蔦屋重三郎(つたや じゅうざぶろう)という人物が注目を集めていますね。
ツタジューの愛称で呼ぶ人も多い知る人ぞ知る歴史上の人物です。
時の権力者となった老中・田沼意次の自由な空気の中で大いに花開いた江戸文化。
浮世絵の版元(現代でいう出版社)として多くのスター絵師を生み出した江戸のメディア王ともいうべき人物が蔦屋重三郎です。
2025年には大河ドラマの主人公として「べらぼう~蔦重栄華乃夢噺(つたじゅうえいがのゆめばなし)~」が決定しましたね。
ここから大注目の人物になること間違いなしのでしょう。
蔦屋重三郎とはどんな人物だったのか、掘り下げてみたいと思います。
蔦屋重三郎ってどんな人?
蔦屋と聞いて思い浮かべるのは書店とレンタルビデオの大手「TSUTAYA」ではないでしょうか。
諸説ありますが、「TSUTAYA」の由来の一つに蔦屋重三郎があることは確かなようです。
そんな蔦屋重三郎が生まれたのは寛延3年(1750年)2月13日。
江戸の遊郭「吉原」に勤めていた父親・丸山重助の子として吉原の貧しい家に生まれます。
幼い頃に両親と生き別れになってしまい、吉原の引手茶屋であった喜多川の家に養子に入ります。
「蔦屋」という名称は喜多川氏の屋号だったのですね。
その後、吉原の大門の前に貸本屋を開いて商売をスタートさせます。
24歳の時、それまで独占されていた吉原の遊女屋のガイドブック「吉原細見」の出版に乗り出し、後にそれを独占するまでになっています。

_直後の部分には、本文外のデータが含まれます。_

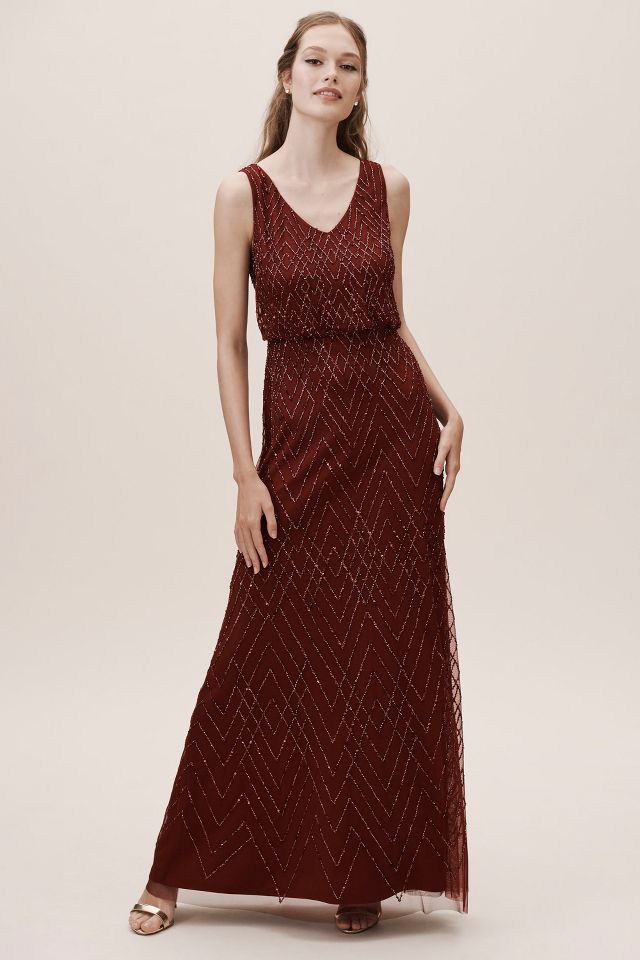 Bhldn shop blaise dress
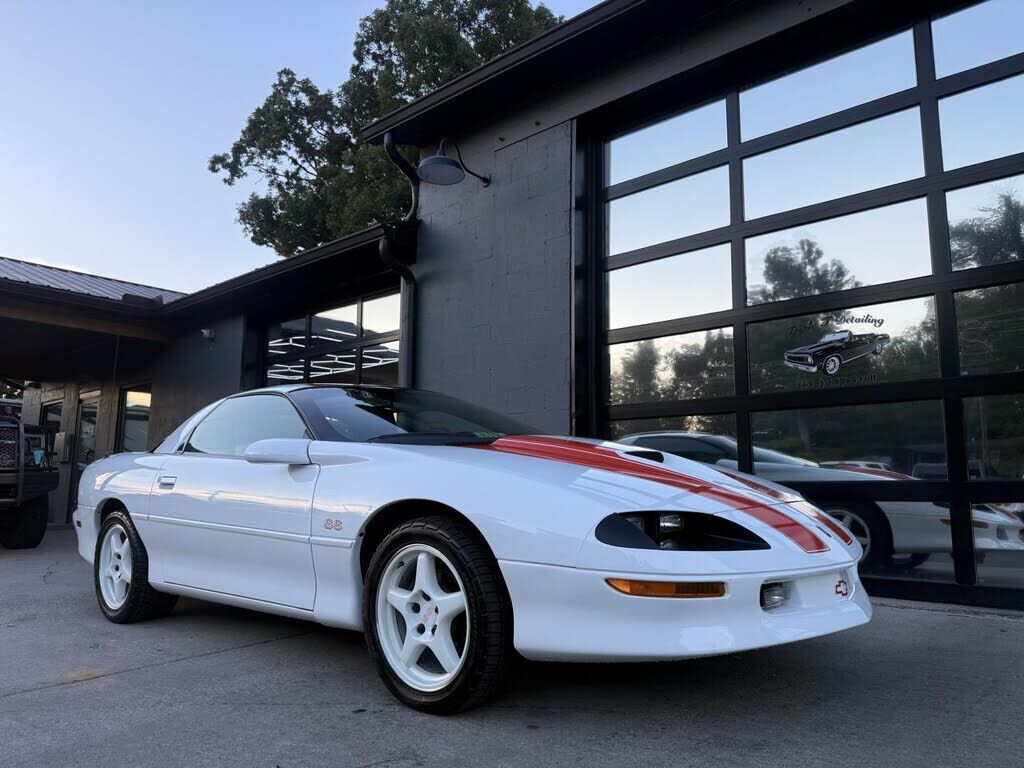 1997 CHEVROLET Camaro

その後、多色摺りを導入して狂歌絵本や錦絵などで蔦屋ブランドを確立し、出版業を大きくしていきます。
多くの文化人と交流し、後に大スターとなっていく多くの若手絵師を発掘し、江戸の出版王として浮世絵の黄金時代を築いていきました。
浮世絵版画という業界は、絵師、彫り師、擦り師という三つで成り立っています。
その企画、制作、販売を担うのが版元(現代の出版社)です。
貧しい家に生まれ、親も金も絵の才能も無かった蔦屋重三郎。
江戸のメディア王として業界トップに昇りつめた粋な男です。
蔦屋重三郎は2025年大河ドラマの主人公!
この蔦屋重三郎がなんと2025年のNHK大河ドラマの主人公に選ばれました。
主人公・蔦屋重三郎を演じるのは若手実力派俳優の横浜流星さん。
大河ドラマといえばこれまでは有名な武将などが主人公として描かれることが多かったですね。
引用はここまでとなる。